WesMiles, a new program created by Wesleyan Student Assembly (WSA) members with help from the Office of International Student Affairs (OISA) and the Office of Financial Aid, will help fund winter break flights home for one to two students with home addresses outside of the United States.
In the spring of 2011, WSA President Zachary Malter ’13 began brainstorming ways to allow international students with financial need to return home.
“I was in a Board of Trustees sub-committee where we were discussing [using air] mile donations as a source of revenue for the University,” Malter wrote in an email to The Argus. “At the same time, I was approached by a number of international upperclassmen who hadn’t been home since entering Wesleyan or had only been home once. These students, African students and Freeman scholars, missed their friends and family at home and would have gone home more if they had the means to do so.”
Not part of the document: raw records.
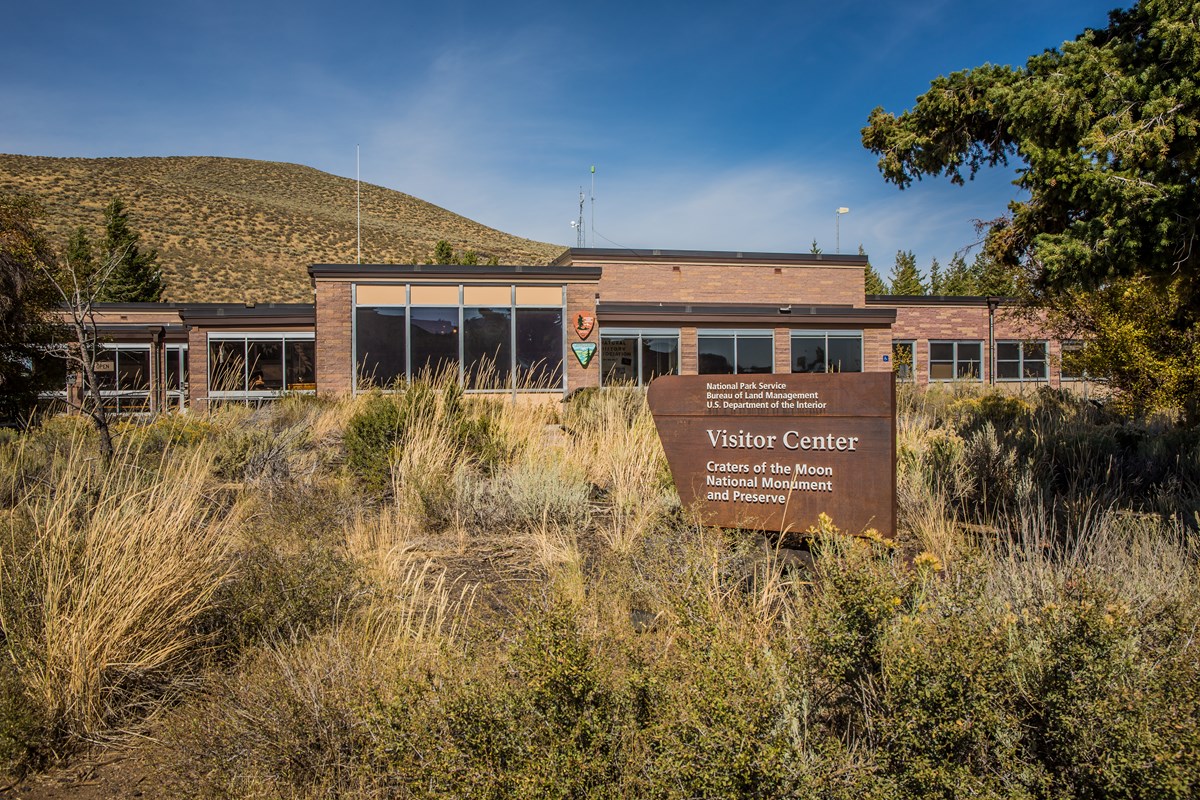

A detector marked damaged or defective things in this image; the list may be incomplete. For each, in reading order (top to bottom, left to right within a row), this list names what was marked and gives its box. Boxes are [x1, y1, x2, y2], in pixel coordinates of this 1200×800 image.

rusted metal sign [648, 371, 892, 534]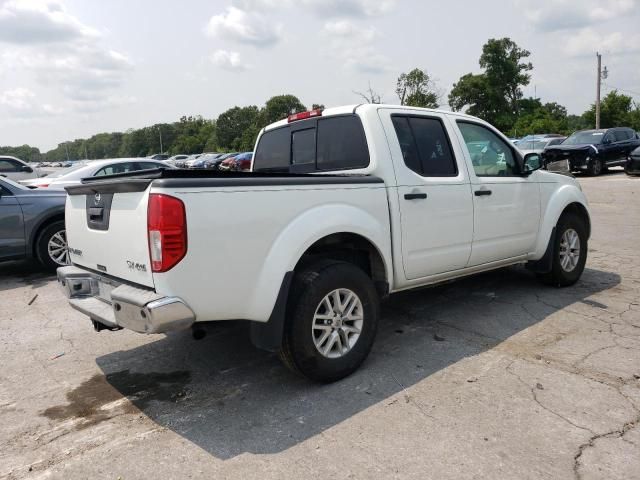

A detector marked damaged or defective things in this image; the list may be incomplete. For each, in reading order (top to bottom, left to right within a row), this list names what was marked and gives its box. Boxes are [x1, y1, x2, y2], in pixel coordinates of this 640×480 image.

cracked pavement [0, 171, 636, 478]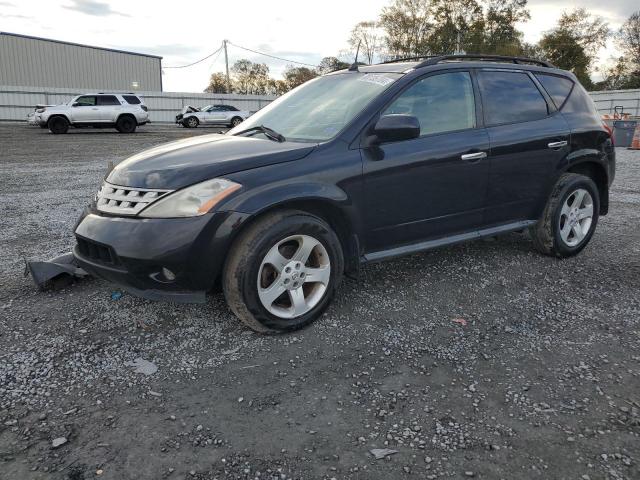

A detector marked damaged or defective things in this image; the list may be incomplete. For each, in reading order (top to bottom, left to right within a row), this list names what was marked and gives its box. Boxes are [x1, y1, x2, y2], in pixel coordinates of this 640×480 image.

detached bumper piece [26, 253, 89, 290]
According to Associate Dean for International Student Affairs Alice Hadler, the University used to offer international students receiving need-based financial aid the chance to return home once a year. However, in light of financial strain, this is no longer the case. WesMiles will potentially reinstate this opportunity.
WSA Financial Aid Committee Chair Sisi Miteva ’15, one of the founders of WesMiles and an international student herself, explained that, the University currently gives international students receiving need-based aid two tickets for their entire four years as students.
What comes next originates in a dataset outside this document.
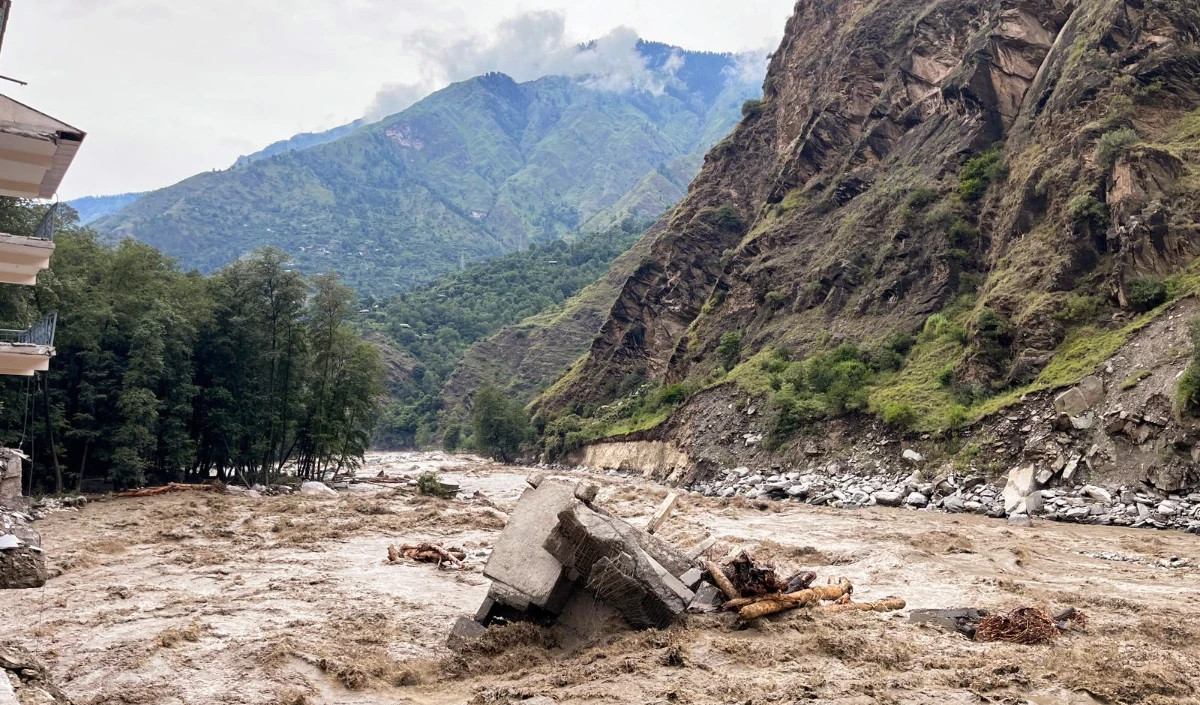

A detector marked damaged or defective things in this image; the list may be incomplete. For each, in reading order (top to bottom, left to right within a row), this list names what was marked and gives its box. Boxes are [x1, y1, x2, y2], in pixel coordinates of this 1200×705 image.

“The financial aid office sponsors a one-way ticket for [international students] to come to the U.S. to start their education as freshmen, and then another one-way ticket as a senior after they graduate to go back,” Miteva said. “Throughout their four years at Wesleyan, [many international students] don’t have an opportunity to go back home if they can’t afford to buy a ticket.”
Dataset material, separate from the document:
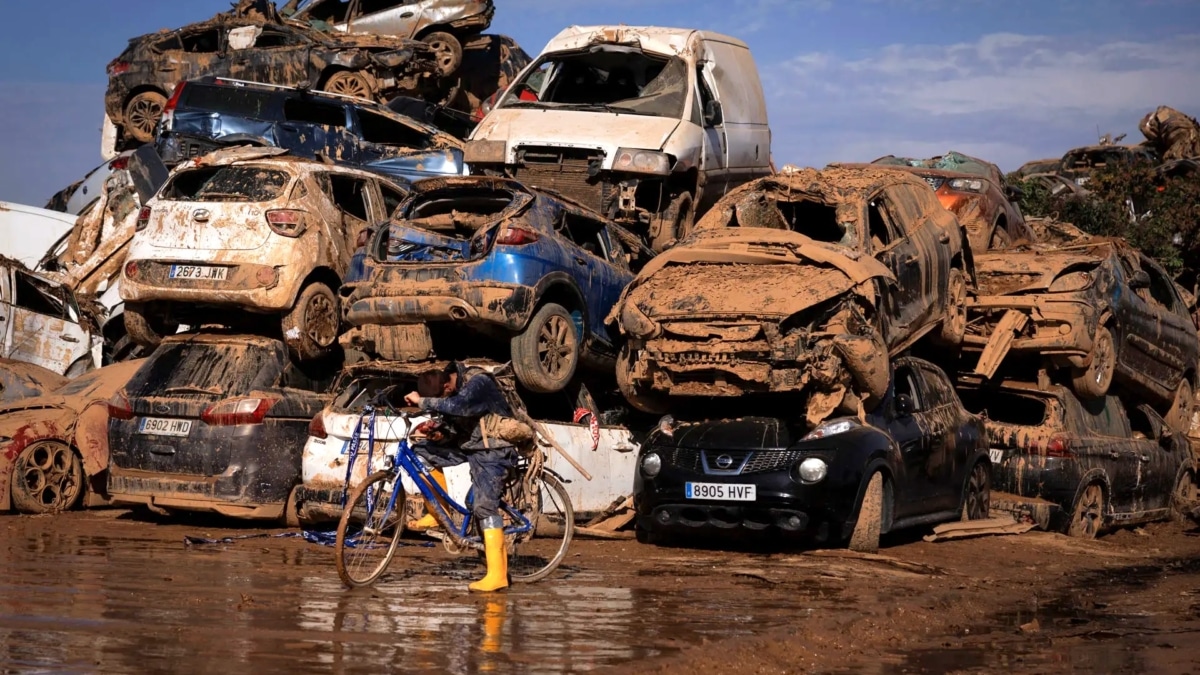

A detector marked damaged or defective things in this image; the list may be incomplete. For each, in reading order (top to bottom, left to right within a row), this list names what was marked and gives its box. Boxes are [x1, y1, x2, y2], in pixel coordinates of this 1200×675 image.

broken windshield [499, 46, 691, 118]
shattered car window [501, 48, 691, 118]
shattered car window [160, 165, 291, 201]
Malter and Miteva approached the OISA about a month ago to discuss their idea for WesMiles. Hadler, who interacts with all of the international students during their time at the University, was receptive to the idea.
“People can only work so much during term time, so that to work enough to save enough to be able to go home is really stressful,” Hadler said.
Malter identified air mile donations as a potential source for the WesMiles program when he found out that one alumnus had previously used his miles to sponsor two potential international students, which allowed them to attend WesFest.
“The alum who donated the miles is the same one who raised the idea in the Board of Trustees,” Malter wrote. “Without his generosity and the work of University Relations [who helped contact potential donors], this program would have never happened. He sponsored two prospective students last semester, but we are hoping that in the future miles donations will be used principally for current students with high need.”
Miteva began working on the project last spring by researching different ways to donate miles. This semester, one alumnus will directly purchase one or two tickets using his own unused miles. However, Miteva hopes that, in the future, more alumni will donate miles, and allow more students to return home.
Director of Financial Aid John Gudvangen helped to identify students who might want to apply for WesMiles. Applications were sent to sophomores, juniors, and seniors receiving need-based financial aid who are international students or U.S. citizens with home addresses outside the United States. Roughly 50 students received applications.
Gudvangen and Hadler will review applications and select one or two students, depending on the cost of each ticket. Among considerations for qualification are how long it has been since the student has been home and why the student hopes to return for this upcoming break.
“We’re interested first in helping a student or two who have not had the financial means to make it home since they started at Wesleyan,” Gudvangen wrote in an email to The Argus. “We’ll also consider other extenuating circumstances.”
Hadler and Gudvangen both praised Malter and Miteva for establishing the program.
“It’s an exciting thing, and it’ll be a hard decision,” Hadler said, referring to the choice of who to sponsor among the applicants.
Malter hopes to find more donors in the future to contribute to the program.
“There are many students who aren’t able to go home much while at Wesleyan,” Malter wrote. “I heard about one alum who went through his whole undergraduate career and two years of grad school before getting the funds to return home. We hope more alumni will consider contacting University Relations and donating to this cause.”
Miteva has high hopes for the program as well.
“I’ve heard from international students who are really excited about it, so I do hope we have a lot of applicants,” Miteva said. “We hope to continue it in the future. I think that people deserve to get a break and see their families.”